Birchbox is looking for experienced RoR Engineers

Ash Hogan
Saturday, June 16, 2012

At Pivotal Labs, one of the services we provide our clients is helping them interview and hire. Pivotal Labs and our clients place a strong emphasis on Agile development and its many aspects: Pair Programming, Test-Driven Development, rapid iterations, and frequent refactoring.

Below is the job description for experienced Ruby on Rails engineers with Birchbox. Birchbox is a smart, streamlined, and fun way to discover high-end beauty, grooming, and lifestyle products. Every month Birchbox members will receive a curated box of luxe beauty samples, spanning beauty categories and delivering exciting products that fit into both your day-to-day routine, and into those days when you want to turn up the drama a notch.

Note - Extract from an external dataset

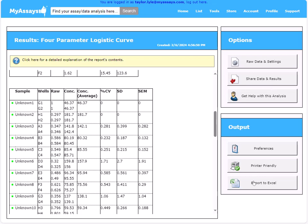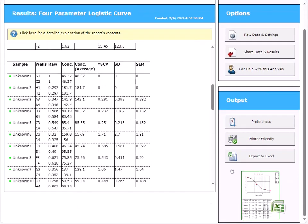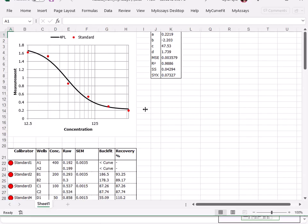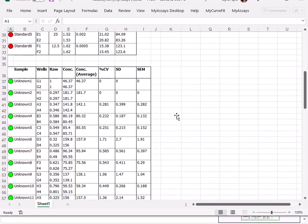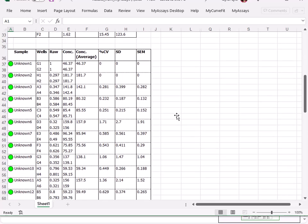Opening these results in Excel, you can see the report is neatly organized, includes the curve fit information, and full transparency in the sample table, following the sample locations, raw results, and calculated concentrations through the analysis.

Birchbox is hiring – here’s why you want to work there:

Description:

Birchbox is looking for experienced full-stack software engineers with experience working in Ruby on Rails. You are obsessed with delivering the best possible customer experience, value software engineering practices such as testing, and never forget about scalability and reusability when designing your code.

Responsibilities:

You will have the opportunity to work with our team on all aspects of our technical infrastructure including:

  • developing scalable backend services in key focus areas such as logistics, payments, and inventory management
  • building our internal and developer APIs
  • developing new user facing features for our incredibly engaged customer base
  • working with our data science team to develop an infrastructure for personalization
  • working with the entire tech team to provide a consistent, fast, and delightful, experience to our customers and partners

Requirements:

  • 1+ years experience in the RoR eco-system
    experience with relational databases
  • you value testing and have experience with the associated tools/frameworks e.g., RSpec, Cucumber, Selenium
  • you have a solid grounding in computer science, you understand the efficiency of the code you write in terms of time and space, and you put thought into your choice of algorithms, data structures, and db schemas
  • enthusiasm for learning

Pluses:

  • Java or C/C++ experience
  • Bachelors, Masters or PhD in Computer Science
  • Startup experience
  • Experience relevant to Ecommerce

Tech @ Birchbox:

The tech team at Birchbox is responsible for maintaining and improving the company’s customer-facing site birchbox.com, managing hosted and cloud infrastructure, and closely supporting other teams (logistics, marketing, et al.) in our 60+-person company. We work with a wide variety of open-source technologies: Debian-based servers; Chef deployments; Ruby on Rails and Java services; Python scripts; and even PHP and Perl, God forbid. The size of our team and the breadth of its responsibilities means we rely on our engineers to be self-motivated and quickly follow through on tasks without requiring close supervision. In return our engineers are given leeway to use their own initiative.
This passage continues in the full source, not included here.